WHAT THIS TASK INVOLVES:
Copy the data that follows exactly, and include none of its images.

INFORMATION GIVEN:

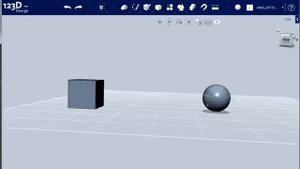 Знакомство с интерфейсом. Autodesk 123D Design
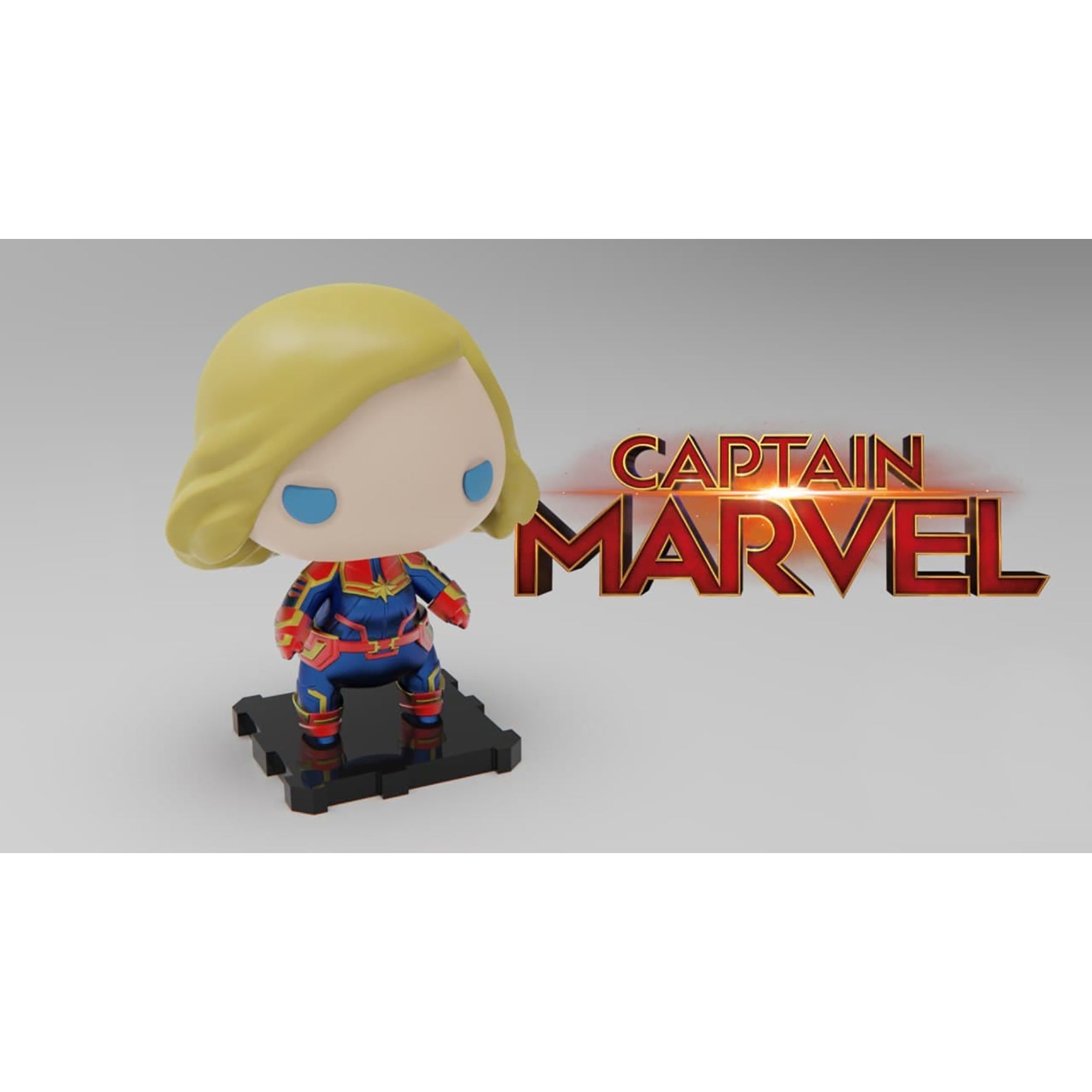 Captain Marvel 3D Model Ready to Print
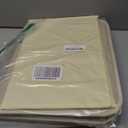 TYEERS Collapsible Storage Boxes, Washable Fabric Storage Bins with Lids, 14.9x9.8x9.8 inches, 2 Pack, Beige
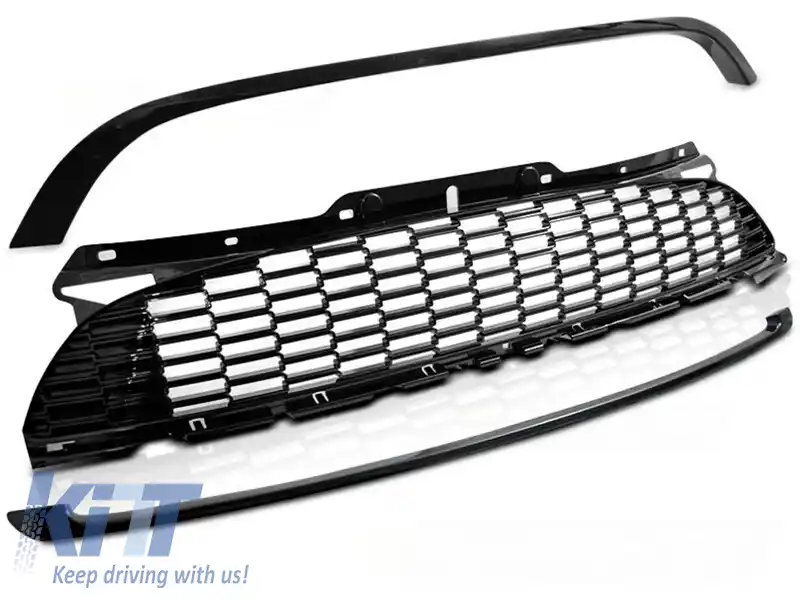 Grilaj lacuit negru potrivit pentru Mini Cooper R56, R57, R55 2010-2014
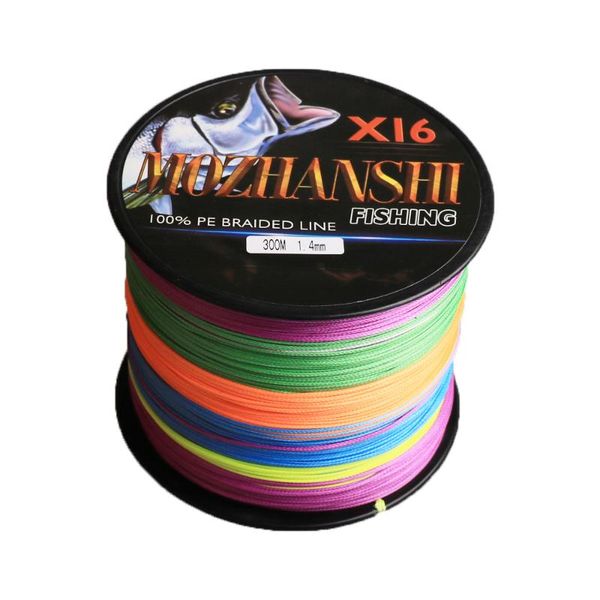 mozhanshi 16 strands 300m super strong 0.16mm-2.5mm 100% pe braide multifilament fishing line material from japan
mozhanshi 16 strands 300m super strong 0.16mm-2.5mm 100% pe braide multifilament fishing line material from japan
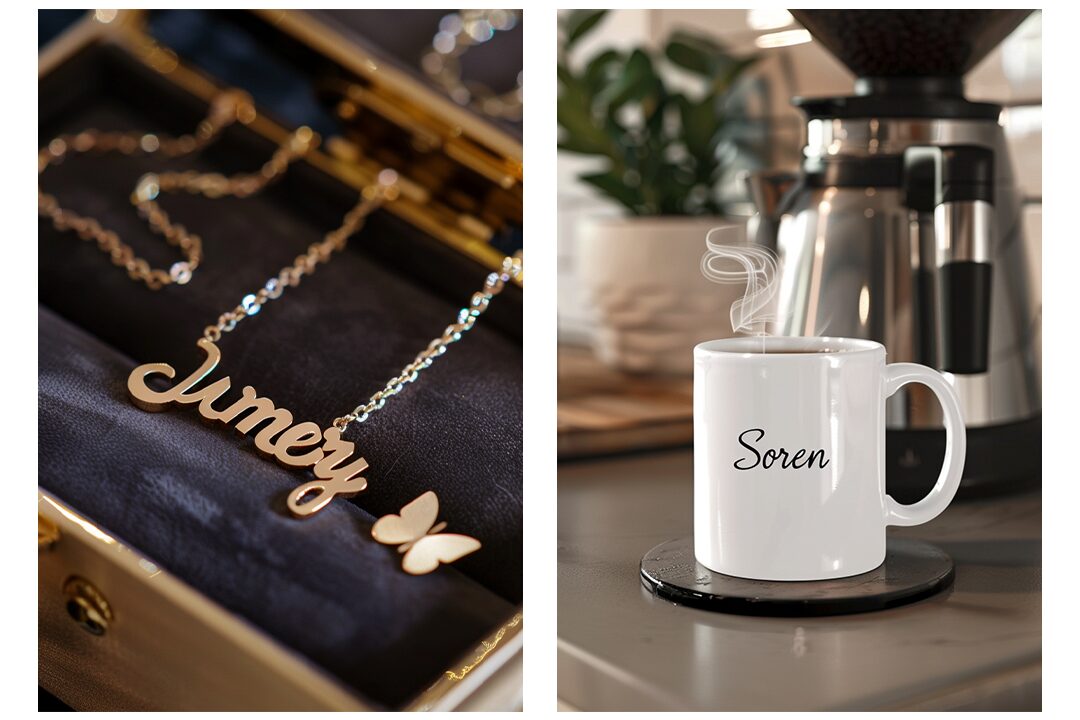 Personalized gifts made from print on demand products by JetPrint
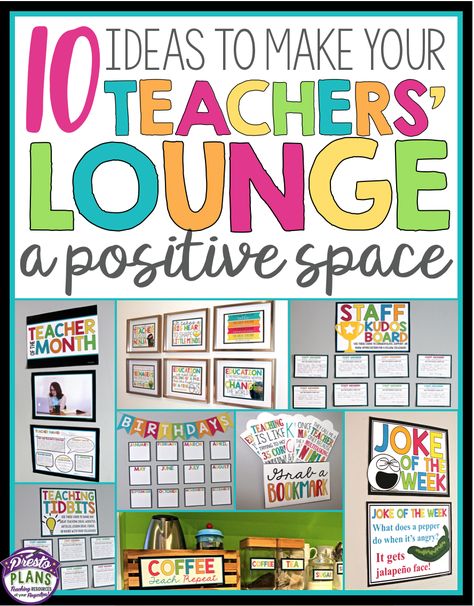 Teachers Lounge Makeover, Teacher Morale, Staff Lounge, Teacher Motivation, School Secretary, Staff Development, Teachers Lounge, Staff Motivation, Staff Room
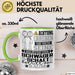 Schwägerschaft Geschenk Tasse Lustiger Spruch Erheben Sie Sich Der Schwägerschaft Betritt den Raum Grün Trendation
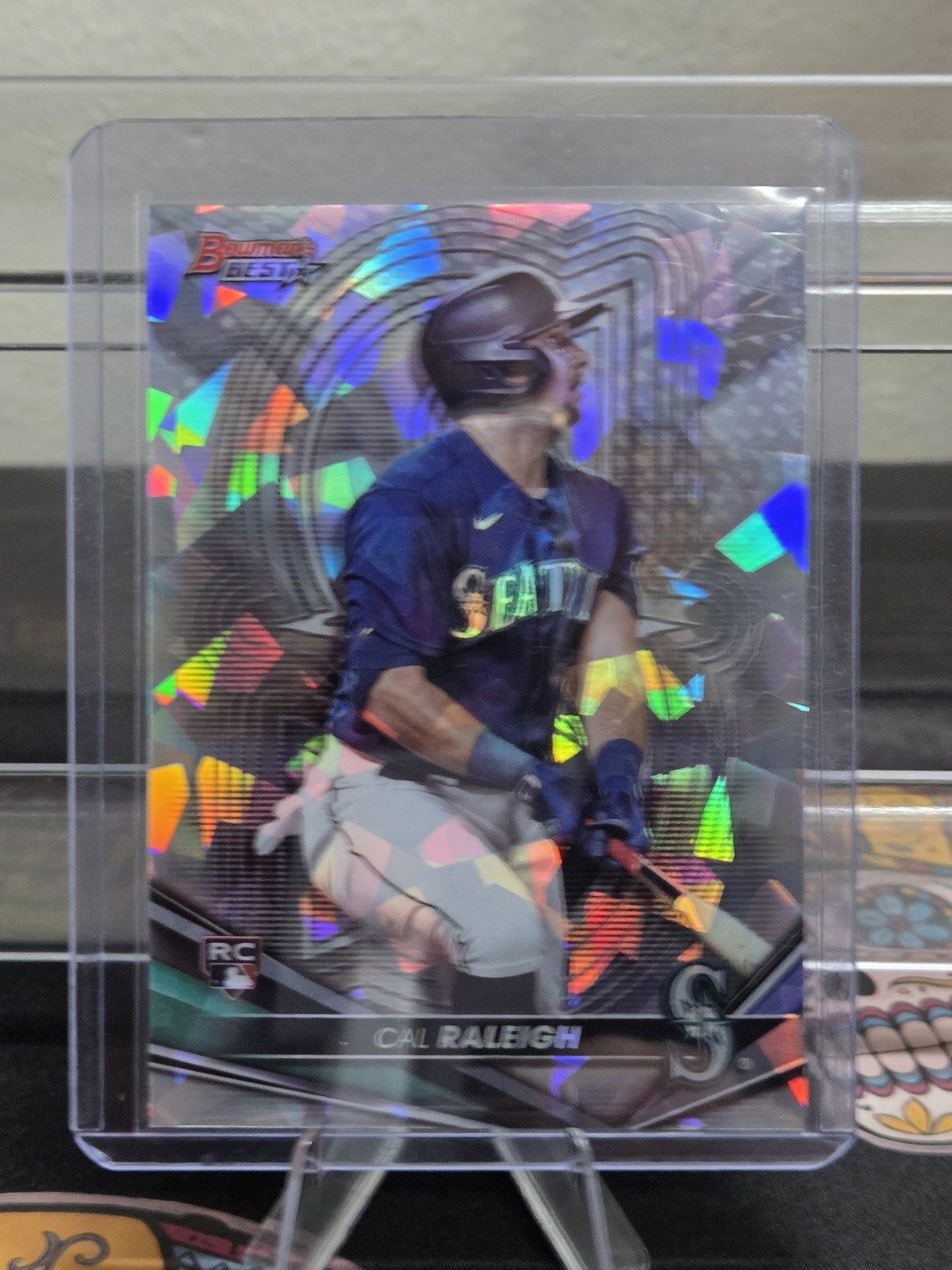 2022 Bowman's Best #6 Cal Raleigh Atomic Refractor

REPLY TO THE EXERCISE:
 Знакомство с интерфейсом. Autodesk 123D Design
 Captain Marvel 3D Model Ready to Print
 TYEERS Collapsible Storage Boxes, Washable Fabric Storage Bins with Lids, 14.9x9.8x9.8 inches, 2 Pack, Beige
 Grilaj lacuit negru potrivit pentru Mini Cooper R56, R57, R55 2010-2014
 mozhanshi 16 strands 300m super strong 0.16mm-2.5mm 100% pe braide multifilament fishing line material from japan
mozhanshi 16 strands 300m super strong 0.16mm-2.5mm 100% pe braide multifilament fishing line material from japan
 Personalized gifts made from print on demand products by JetPrint
 Teachers Lounge Makeover, Teacher Morale, Staff Lounge, Teacher Motivation, School Secretary, Staff Development, Teachers Lounge, Staff Motivation, Staff Room
 Schwägerschaft Geschenk Tasse Lustiger Spruch Erheben Sie Sich Der Schwägerschaft Betritt den Raum Grün Trendation
 2022 Bowman's Best #6 Cal Raleigh Atomic Refractor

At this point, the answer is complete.